O’Leary lives in suburban Auckland, New Zealand where there are fewer specialists in CP, so it would either require a long car ride or a trip to Australia to get some medical treatments. She also was born in 1969 when there was less medical research about her condition, which led to some ineffective surgeries when she was a child.
“I am aware that things have changed, but I still feel that it comes from a place of malfunction as opposed to ‘how can we support you’?” O’Leary said.
HOW DOES THE MEDICAL COMMUNITY RESPOND?
There does seem to be a mix of opinions on medical professional’s effectiveness, and awareness and knowledge of CP in adults. More than half of survey participants were not receiving medical care for CP-related symptoms for various reasons, including because of past medical trauma. And 18 out of 31 participants gave low ratings to medical professionals’ awareness of CP.
Seventy-one-year-old John Borland from Hershey, Pennsylvania, has had plenty of experience with doctors as he had over 15 surgeries related to CP. His doctors do not always understand what having CP entails, though.
“I find very few physicians that really know that much about cerebral palsy,” Borland said.
Borland himself is now used to explaining his experiences with CP, as he tries to mentor others with the condition. He always is ready with the same anecdote if anyone asks him what it is like to live with a disability. He will respond, “How do you step off a curb?” and after a few moments of bewilderment and confusion or the usual inane answer of “You just step up”, he will clarify: “Well, I got five ways to step off a curb, and only three of them work.”

Borland sitting in his home. Photo provided by John Borland
John Borland
His family doctor actually started reading medical journals to learn more about the condition from a “technical standpoint.” Borland appreciated the effort, but generally he feels that he has to train doctors “about who I am as opposed to who you think I should be.”
This lack of medical knowledge has caused severe pain for him. He was born with hips that were a little out of alignment, but that abnormality actually allowed for him to walk better in spite of his spasticity and his knees’ lack of flexion. He had to get a hip replacement in 2001 which ended up putting one of his hips in proper alignment, which in turn affected his gait, which then put extra strain on his back and caused back pain. Six years later he had the other hip replaced in an effort to “balance it out,” but that did not stop his back pain which has really limited his mobility in recent years.
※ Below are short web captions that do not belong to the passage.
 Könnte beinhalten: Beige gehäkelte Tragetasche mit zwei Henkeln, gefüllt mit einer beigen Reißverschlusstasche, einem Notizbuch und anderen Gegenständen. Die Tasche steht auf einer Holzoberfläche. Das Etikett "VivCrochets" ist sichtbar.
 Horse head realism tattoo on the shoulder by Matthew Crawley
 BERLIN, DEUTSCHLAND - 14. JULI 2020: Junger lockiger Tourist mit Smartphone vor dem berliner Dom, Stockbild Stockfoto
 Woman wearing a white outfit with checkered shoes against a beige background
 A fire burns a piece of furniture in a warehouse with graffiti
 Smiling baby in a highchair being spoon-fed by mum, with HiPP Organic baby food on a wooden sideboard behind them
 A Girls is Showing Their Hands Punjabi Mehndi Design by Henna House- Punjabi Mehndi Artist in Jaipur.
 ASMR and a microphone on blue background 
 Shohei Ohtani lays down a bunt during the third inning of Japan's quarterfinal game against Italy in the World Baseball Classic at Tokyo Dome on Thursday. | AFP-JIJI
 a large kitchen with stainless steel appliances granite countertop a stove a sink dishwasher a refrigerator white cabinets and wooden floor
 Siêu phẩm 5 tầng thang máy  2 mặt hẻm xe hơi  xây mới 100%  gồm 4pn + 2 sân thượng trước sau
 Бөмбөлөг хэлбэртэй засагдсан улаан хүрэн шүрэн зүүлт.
“The orthopedic surgeon that did my hip replacements is the best in this area and after he did the left hip…I had like 12 questions that I went in with… and he looked at me and said ‘if you were a normal patient I could give you all kinds of figures, for it's gonna be like this, but because you're such a strange duck, we're gonna learn together’,” Borland said. “It's just that he never did hip replacements on a cerebral palsy patient before.”
WHAT IS BEING DONE?
Almost all survey participants (87%) agreed more research is needed for adults with CP. One source trying to combat the dearth of research specifically for adults with CP is the Cerebral Palsy Research Network. It comprises the “largest and most comprehensive network of hospitals and community members” to provide research for both children and adults, with new studies and informational webinars being posted daily.
“We're doing a lot of work with adults, because there are so few specialty providers that take care of adults with CP,” Paul Gross, one of the founders and president of the Network, said. “And there are so few care providers that understand that if a person has CP as a kid, that while CP is non-progressive, it has additional meaning for them as an adult that you need to be vigilant of.”
The Network was kickstarted in 2015, after Gross was having trouble finding research about different treatment options for his son who has spastic diplegia. By 2018, he was able to use his own network to come up with answers for his son’s mobility issues. Even so, he claimed the availability of specialized adult care is “pretty abysmal.”
“I don't think the state of adult care is very good,” Gross said. “I think there's some great specialty providers that focus on adults and we're trying to figure out ways to take what they do and expand it. We're trying to figure out ways to improve the detection and the treatment of pain. So we got a lot more to do.”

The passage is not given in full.